I had a line on my laptop screen like two months ago, then I got another one few weeks ago now today I have another one... it bothers me alot cause when I watch a movie u can see it all the time... 
any one knows what's the reason? or how to get rid of it? Is it just Lcd like i have no clue... plzzzzzzzz hlep me 
Thanks... you guys rocK

P.S. Sorry if I'm in the wrong forum


----------



## Blue Zee (May 18, 2007)

If the first one was damaged, probably the same happened to the one you have now.

I would suggest you test it in another PC to confirm that.

Zee


----------



## NassauBob (Sep 6, 2007)

What are the chances it is a Toshiba Satellite P35 series?
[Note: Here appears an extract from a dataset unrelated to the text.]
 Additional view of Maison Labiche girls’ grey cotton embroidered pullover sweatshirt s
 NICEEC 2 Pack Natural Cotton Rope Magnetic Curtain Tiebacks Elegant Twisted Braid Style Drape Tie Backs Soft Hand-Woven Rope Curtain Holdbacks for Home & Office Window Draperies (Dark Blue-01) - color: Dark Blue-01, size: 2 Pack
I have three vertical blue lines on mine, too. They showed up outta nowhere, a few days apart from each other. I am just waiting until Christmas, Santa Claus is gonna replace my laptop with a PC.  

Shane


----------



## yasmeen143 (Jan 2, 2006)

thanks Blue Zee... but I dont really know what you mean by Testing it in another PC to confirm.... well if I do a print screen (print scrn SysRq) the lines won't show up

Yeah NassauBob it is Satellite But P30 though... so You mean there is no way to fix it???

Blue Zee could you please explain it for me if you could I appreciate your replies you guys thanks alottttttttttttttttttttttttt


----------



## Blue Zee (May 18, 2007)

I mistyped my thoughts.

I wanted to say test an external monitor on that laptop, if you can.

Zee


----------



## NassauBob (Sep 6, 2007)

Aahh, I got you. To isolate the problem to either video card or display.
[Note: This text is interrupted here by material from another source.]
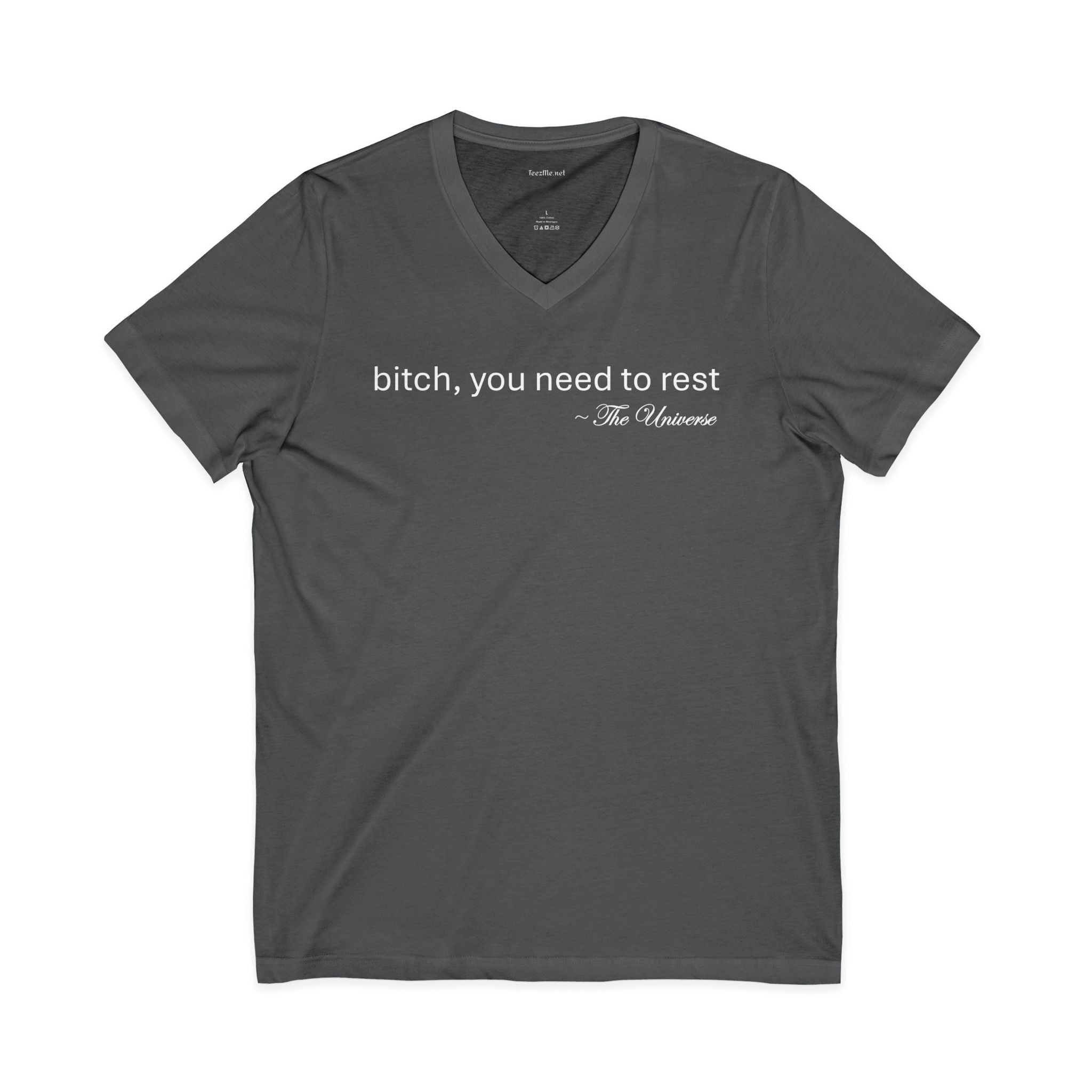 you need to rest (the Universe) Unisex Jersey Short Sleeve V-Neck Tee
Yeah, I will try that as soon as I can.

(Not that it matters much - we don't have replaceable video cards)  

Thanks for the suggestion! :up:

Shane


----------



## yasmeen143 (Jan 2, 2006)

well its working all good with an external monitore like there is no lines in it... so what do you think the problem? is it fixable??? plz reply back thanksssssssssss for ur time n suggestions


----------



## Blue Zee (May 18, 2007)

yasmeen143 said:


> well its working all good with an external monitor...


Can't say it's good news, your LCD monitor has problems.

A) Repair it (may be too expensive...)
B) Use the external monitor (but then it won't be a laptop...)

Sorrrrrrryyyyyyyyy.....

Zee


----------



## yasmeen143 (Jan 2, 2006)

aww thanks for ur information... I will have to repair it or get a new laptop lol


----------